When Design Saw the Future

Our hero this month, designer Alvin Lustig, believed design could transform the world. Under Frank Lloyd Wright’s mentorship, he absorbed the idea that design should dissolve boundaries between disciplines. He ditched architecture for a maverick career that spanned book covers, interiors, signage, industrial pieces and even typography. Call him the invisible hand crafting how we still live 75 years later.

Mid-century design thrived on these visionary connections. Graphic designers borrowed from industrial designers. Furniture makers thought like sculptors. Filmmakers treated opening credits like moving posters. A Charles and Ray Eames chair shared the same visual DNA as a Saul Bass title sequence or a Lustig book cover. Everything worked toward clarity. Each field fed the others, creating a culture where objects, images, and spaces spoke the same language.

Lustig’s New Directions book jackets, for example, pulled readers into new realms. Abstract figures, jagged forms, bold color merged narrative and visual poetry, reframing literature as a visual experience before a single page was turned. Readers encountered Gertrude Stein or James Joyce in books that opened abstract gateways to the avant-garde. More than a vessel for words, a book became the point of entry into the modernist mindset. 

The cross-pollination of graphic, industrial, furniture, and film design created a visual culture so cohesive that we still feel its pull today. Walk into a coffee shop in 2025 and you see echoes of the era in sleek chairs, sans serif menus, and geometric wall art. Scroll through a streaming service and you’ll find title sequences that owe their pacing and composition to mid-century innovators like Lustig.
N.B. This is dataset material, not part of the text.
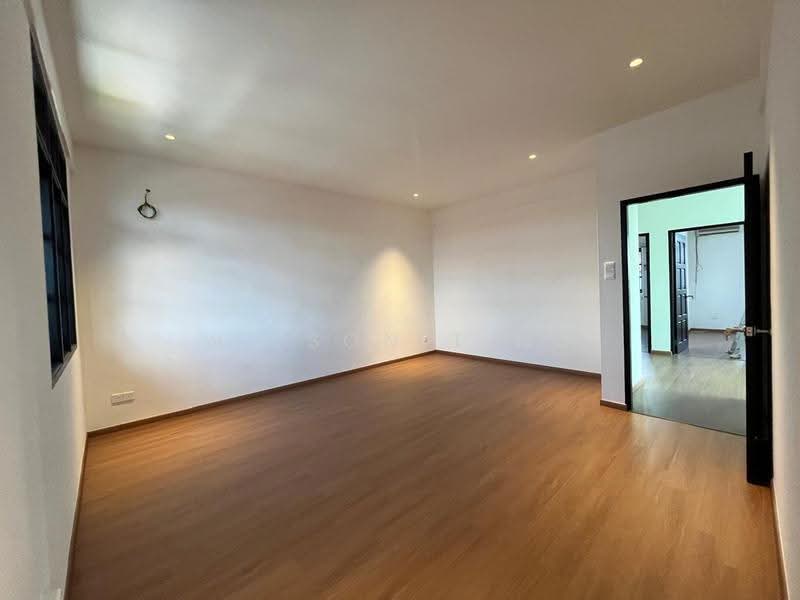 Rumah Berkembar untuk Dijual di Kuching (Sarawak) - Wilson Ting - Master Room - PropertyGuru.com.my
Mid-century modernism was about clarity of purpose and a belief that design could point the way forward. Alvin Lustig showed us what that future could look like. In many ways, we are still looking.

My old friend Karrie Jacobs wrote a piece in 2017 titled When Mid-Century Met Modernism that still resonates. She wrote:

“Modernism is not something that happened once, and came to an end. Rather, it is a way of looking at the world. It is a constantly changing set of technologies and opportunities, a method for integrating a ceaseless pageant of radical breakthroughs into our mundane routines. Modernism is a technique for taking the explosive forces that are constantly reshaping the human environment and domesticating them. For that reason, modernism is infinitely, endlessly relevant.”